[Records from a dataset]

•••

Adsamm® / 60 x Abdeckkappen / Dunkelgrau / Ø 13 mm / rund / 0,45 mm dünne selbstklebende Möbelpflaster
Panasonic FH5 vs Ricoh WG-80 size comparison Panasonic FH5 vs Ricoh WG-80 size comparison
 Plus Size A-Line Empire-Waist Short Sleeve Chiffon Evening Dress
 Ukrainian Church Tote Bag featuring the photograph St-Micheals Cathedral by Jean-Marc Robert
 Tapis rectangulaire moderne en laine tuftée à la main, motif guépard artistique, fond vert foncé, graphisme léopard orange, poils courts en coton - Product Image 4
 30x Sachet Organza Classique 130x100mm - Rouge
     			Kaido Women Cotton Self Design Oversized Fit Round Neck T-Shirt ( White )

•••

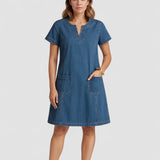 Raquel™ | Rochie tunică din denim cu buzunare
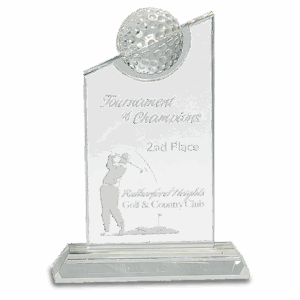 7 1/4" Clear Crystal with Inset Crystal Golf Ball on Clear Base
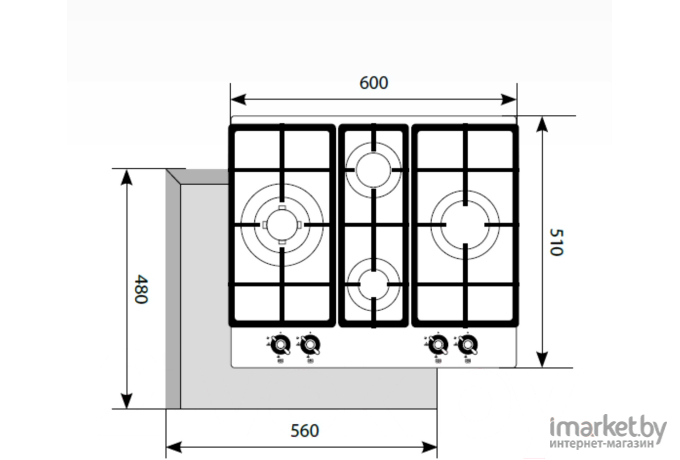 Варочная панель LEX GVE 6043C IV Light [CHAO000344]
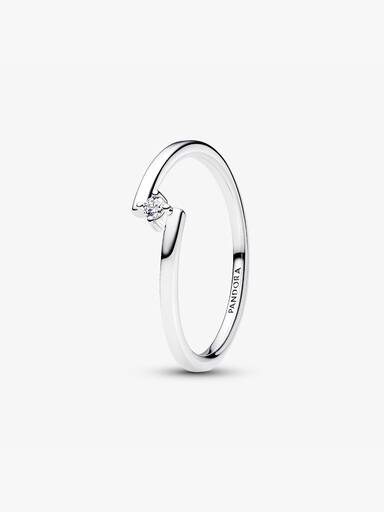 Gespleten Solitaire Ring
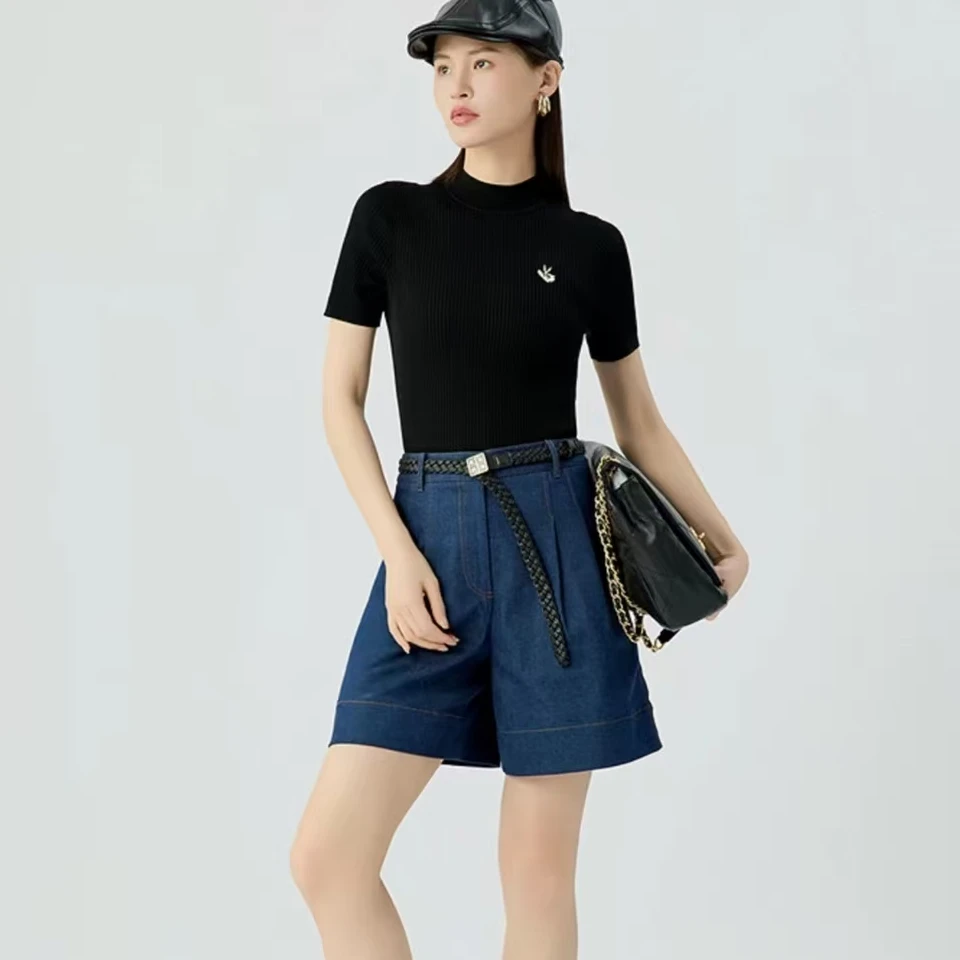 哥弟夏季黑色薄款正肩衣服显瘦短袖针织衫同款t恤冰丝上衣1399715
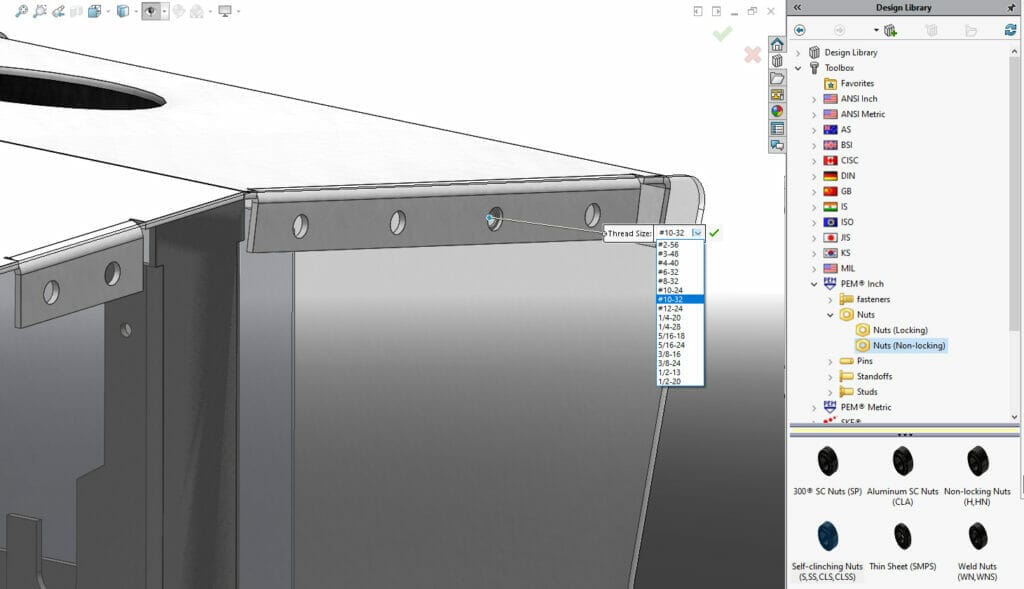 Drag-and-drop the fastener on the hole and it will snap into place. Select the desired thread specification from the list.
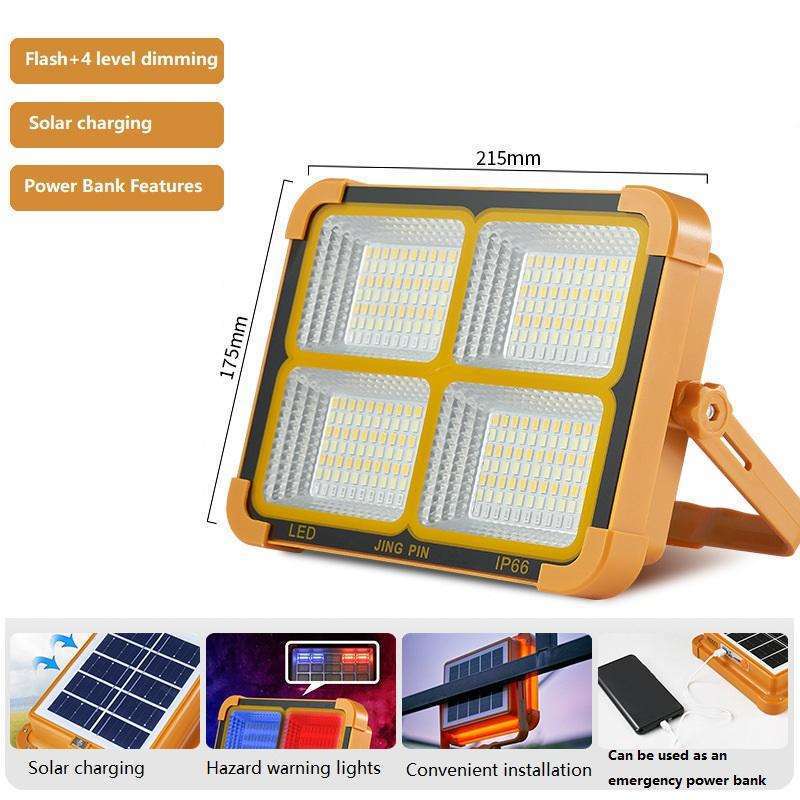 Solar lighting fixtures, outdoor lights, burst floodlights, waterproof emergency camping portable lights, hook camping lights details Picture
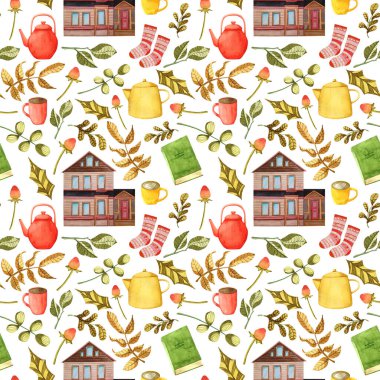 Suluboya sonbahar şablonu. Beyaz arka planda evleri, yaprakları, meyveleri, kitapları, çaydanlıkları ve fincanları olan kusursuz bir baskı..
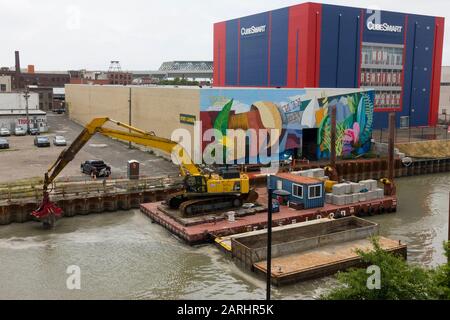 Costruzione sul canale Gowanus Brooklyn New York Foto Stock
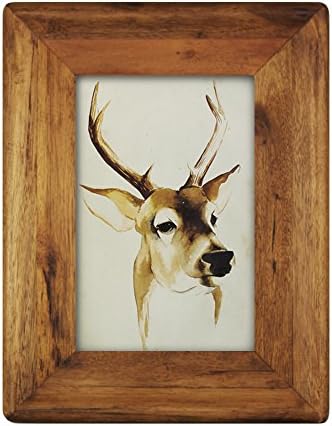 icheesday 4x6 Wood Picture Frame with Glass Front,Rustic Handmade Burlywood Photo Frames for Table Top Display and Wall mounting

•••

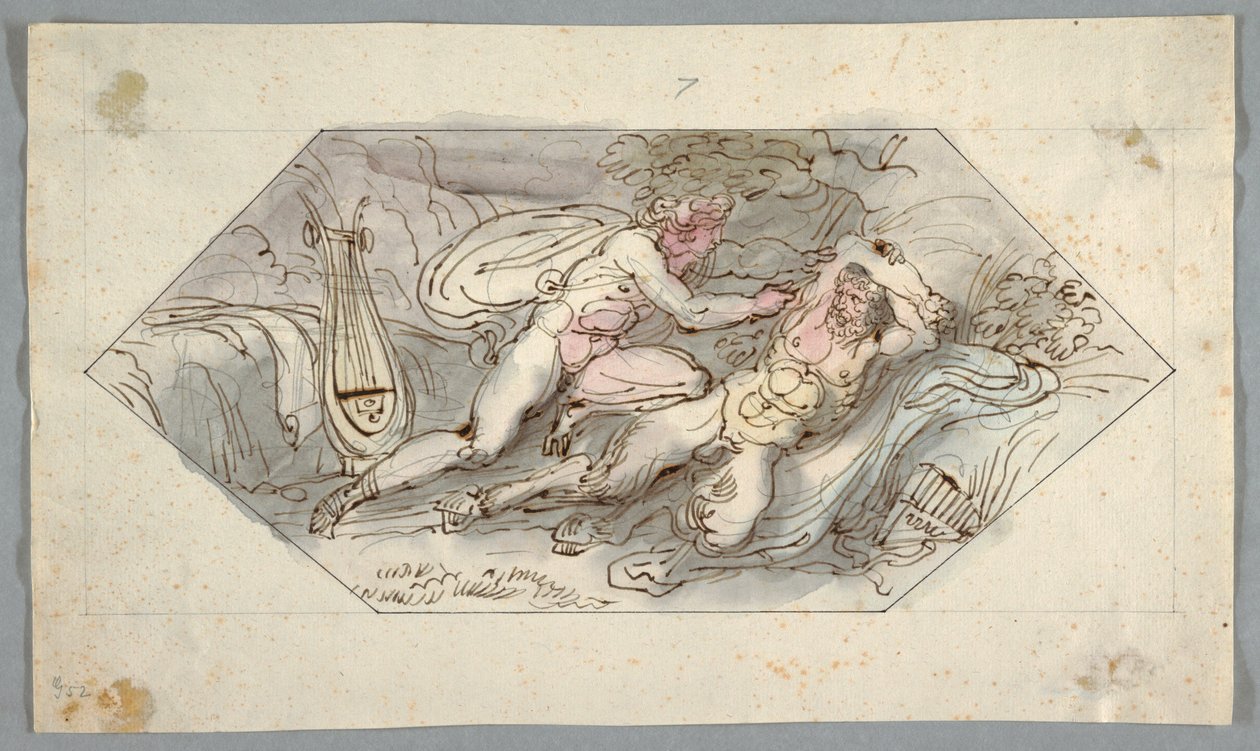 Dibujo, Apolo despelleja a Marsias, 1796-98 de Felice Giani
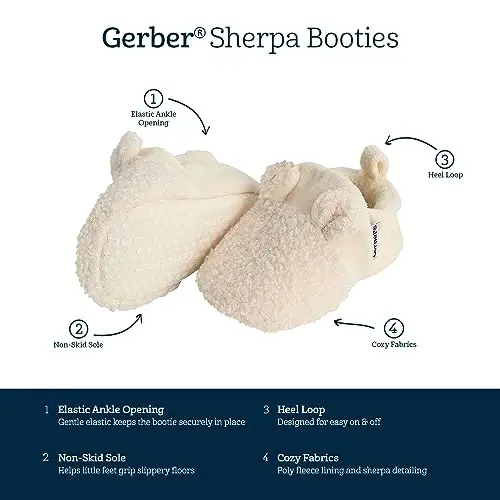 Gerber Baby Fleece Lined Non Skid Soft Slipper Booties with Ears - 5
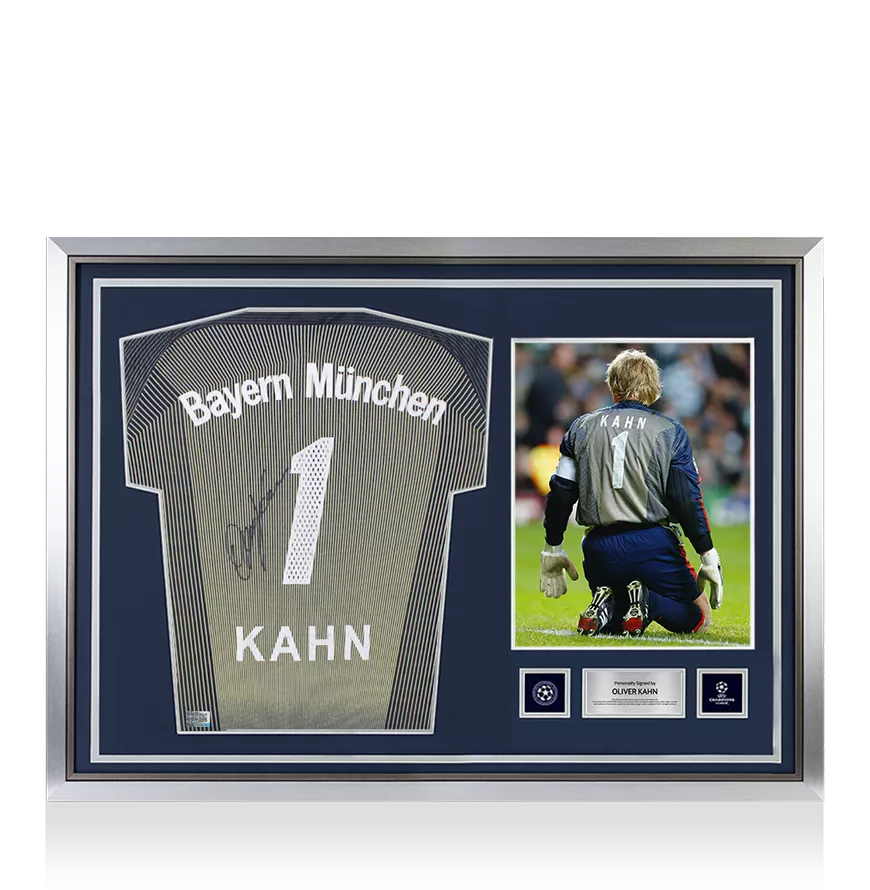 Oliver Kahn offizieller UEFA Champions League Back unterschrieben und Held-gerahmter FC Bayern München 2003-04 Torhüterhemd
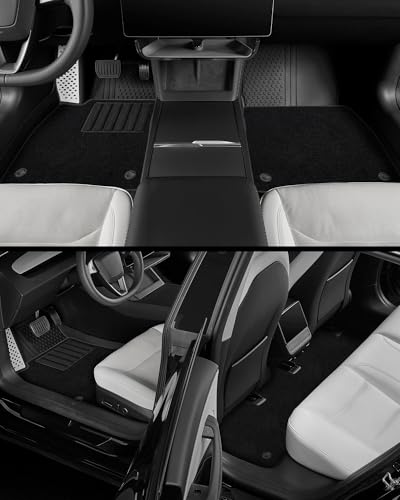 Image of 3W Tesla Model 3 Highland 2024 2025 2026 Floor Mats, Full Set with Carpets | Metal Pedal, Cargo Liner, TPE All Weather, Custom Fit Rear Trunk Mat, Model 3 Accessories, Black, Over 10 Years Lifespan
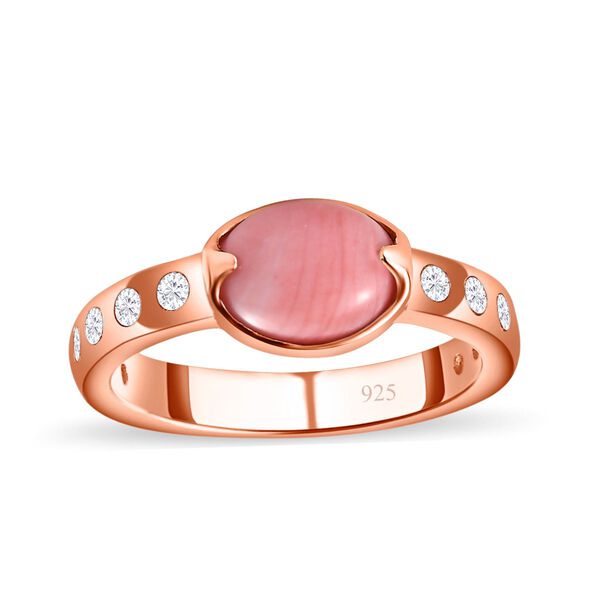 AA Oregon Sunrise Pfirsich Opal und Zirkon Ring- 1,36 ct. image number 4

•••

TASK INSTRUCTIONS | What you return must match the lines above from the one with "Gerber Baby Fleece" through the one with "AA Oregon Sunrise" exactly, with both ends included and the pictures excluded.

TASK OUTPUT |
 Gerber Baby Fleece Lined Non Skid Soft Slipper Booties with Ears - 5
 Oliver Kahn offizieller UEFA Champions League Back unterschrieben und Held-gerahmter FC Bayern München 2003-04 Torhüterhemd
 Image of 3W Tesla Model 3 Highland 2024 2025 2026 Floor Mats, Full Set with Carpets | Metal Pedal, Cargo Liner, TPE All Weather, Custom Fit Rear Trunk Mat, Model 3 Accessories, Black, Over 10 Years Lifespan
 AA Oregon Sunrise Pfirsich Opal und Zirkon Ring- 1,36 ct. image number 4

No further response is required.